Following James Graham's death in 1898, the property passed through his estate. In 1888 the property was purchased by Nowell Willis, who completed the homestead in 1890. By 1900, Nareen comprised approximately 10,653 acres (4,300 ha), and was purchased by James Graham's son, Frederic Lionel Graham, who acquired the property after previously leasing Koolomurt with John Haines.

During the first half of the twentieth century, Nareen passed through several owners, including members of the Chaffey family, Gordon Phillip and C. Lane & Co. In 1946, following several years of drought, Malcolm Fraser's parents purchased the property and made it the family's principal residence.

Nareen subsequently became closely associated with Malcolm Fraser, who was elected as the federal member for Wannon in 1955 and later served as Prime Minister of Australia from 1975 to 1983. Although heavily involved in national politics, Fraser maintained strong ties to the property, using a study within the homestead as a working office and retreat from Canberra.

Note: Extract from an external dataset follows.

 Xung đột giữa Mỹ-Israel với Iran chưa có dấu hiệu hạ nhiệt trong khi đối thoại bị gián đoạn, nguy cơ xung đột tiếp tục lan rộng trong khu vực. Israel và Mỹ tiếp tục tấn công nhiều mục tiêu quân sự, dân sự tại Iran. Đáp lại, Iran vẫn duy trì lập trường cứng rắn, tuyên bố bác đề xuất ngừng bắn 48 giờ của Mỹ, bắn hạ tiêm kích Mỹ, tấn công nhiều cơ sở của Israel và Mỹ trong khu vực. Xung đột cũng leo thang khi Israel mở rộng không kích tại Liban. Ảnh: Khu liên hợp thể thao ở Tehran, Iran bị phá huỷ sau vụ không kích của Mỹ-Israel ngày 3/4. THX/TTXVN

The extensive homestead garden was largely developed during the Fraser family's ownership. Malcolm Fraser cultivated a significant collection of camellias and later registered a new camellia japonica cultivar named 'Tamie Fraser' in honour of his wife. Tamie Fraser became a founding figure of the Australian Open Garden Scheme and regularly opened the gardens to visitors from the 1980s onward.

In 1996 the property was purchased by Gordon and Anne Dickinson, who expanded the estate through the acquisition of neighbouring land, increasing its size from approximately 5,000 acres (2,025 ha) to more than 9,000 acres (3,600 ha), while undertaking extensive tree planting and environmental restoration works.